Union thugs!

February 11th, 2016

No, really.

I was visited by the Union Fairy this morning.

I was going about my business, setting things up so that I can work a truly irrational amount of overtime next week, and walked away from my bench for a few moments. You know, like thirty seconds, tops. When I came back to my desk, I was greeted with this. Apparently, I was due a new union card, and one of our union representatives must have dropped it off.

The only problem with that is that we work in the far corner of our building, and there's no way anyone can approach us without our knowing it. There's just one hallway that leads to us isn't choked with clutter and refuse, so anybody coming our way would either be seen or heard, whether coming or going. And this morning, we didn't see or hear anyone around at all. At all

On top of that, none of the union guys would've been around. As it happens, probably in some effort to screw with our heads, all the union reps are currently assigned to the night shift. Which means there isn't really any union representation going on during the day.
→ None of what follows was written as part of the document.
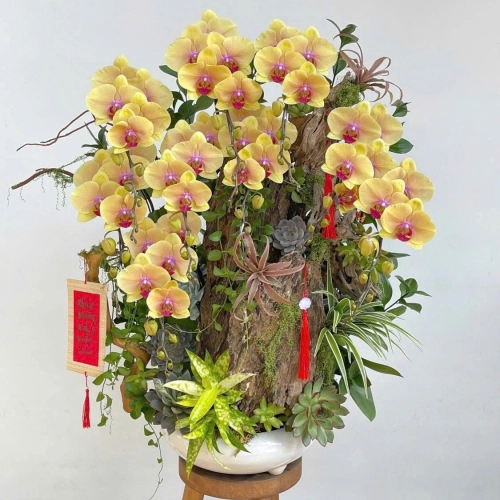 Lan Hồ Điệp 28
So there wouldn't have even been any of them around to ninja us our new cards, because they would've all been gone by this point.

And likely drunk, as is the norm.

So I guess since our reps were gone for the day, and nobody had been around our cell, logic dictates that I was visited by a union fairy. Drifting through the ostensibly solid walls on wispy wings, sprinkling union dust all about in order to manifest my new card, and performing other works that can only be attributed to magic. Or something. I don't know, I can't explain it, hence my babbling here.

As I've stated, once some silly mystery lodges itself in my head, I just. Can't. Get. It. Out.